Why I Stopped Trying to Learn Everything
For a long time, my learning strategy was basically this:
See a cool thing. Open YouTube. Watch three random videos. Add mental note: "Yes, I know this now."
That was the system.
It sounds funny now, but it is honestly how a lot of people start. The internet makes everything look one tutorial away. Cloud computing? Sure. SEO? Why not. Shopify? Easy. HubSpot? Maybe. Power BI? Let us go. Snowflake? Sounds cold and professional, so yes.
The problem is not curiosity.
Curiosity is good.
The problem is when curiosity turns into chaos.
At one point, I was learning too many things at the same time. AWS, reporting, Shopify work, CRM tools, automation tools, random business software, some ad-related work, some design work. Every week felt productive, but not every week was actually moving me forward.
That is the trap.
When you are learning many things, it feels like progress because your brain is always busy. But busy is not always the same as useful.
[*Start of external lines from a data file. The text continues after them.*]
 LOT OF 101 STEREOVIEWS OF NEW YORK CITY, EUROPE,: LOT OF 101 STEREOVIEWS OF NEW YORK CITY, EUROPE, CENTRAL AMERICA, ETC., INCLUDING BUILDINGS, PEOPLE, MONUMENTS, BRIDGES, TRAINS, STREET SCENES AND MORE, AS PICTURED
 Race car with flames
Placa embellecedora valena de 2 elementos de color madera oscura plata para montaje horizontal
What I slowly learned is that random skill collection can make you feel smart for a while and confused for a much longer while.
I had periods where I knew just enough words to sound technical, but not enough depth to solve a real problem properly. That is a dangerous middle ground. You can fool yourself there.
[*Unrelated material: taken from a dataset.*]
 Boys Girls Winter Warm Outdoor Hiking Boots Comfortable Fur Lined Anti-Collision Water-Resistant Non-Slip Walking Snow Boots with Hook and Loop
Eventually, real work forced me to change.
Client work does not care that you watched six videos about a tool. A founder does not care that you sort of understand the dashboard. A messy CRM does not fix itself because you know the difference between five platforms.
Real work asks a more annoying question:
Can you make this thing work in a way that helps the business?
That question changed how I learn.
Now I try to learn around real problems instead of random tools.
If the problem is lead handoff, I learn the part that helps lead handoff.
If the problem is onboarding chaos, I learn the part that helps onboarding.
If the problem is reporting confusion, I learn the part that makes reporting easier to trust.
This sounds obvious, but it took me a while to get there.
I used to think being valuable meant knowing many things.
Now I think being valuable means understanding which things matter right now.
That is a very different skill.
It also makes learning calmer.
You stop chasing every new shiny platform like it personally called your name.
You stop treating every tutorial as a life opportunity.
You stop opening ten tabs and pretending that counts as a curriculum.
Okay, maybe not always. But less often.
I still like exploring tools. I still get curious. I still sometimes go down weird learning rabbit holes. That part probably never ends.
But now I try to anchor that curiosity to direction.
That has made a big difference for me.
It made my work sharper.
It made my portfolio clearer.
It made my conversations with clients better.
And honestly, it made me feel less fake.
Because the goal is not to be a person who can name everything.
The goal is to be a person who can solve something real.
That is what I understand much better now.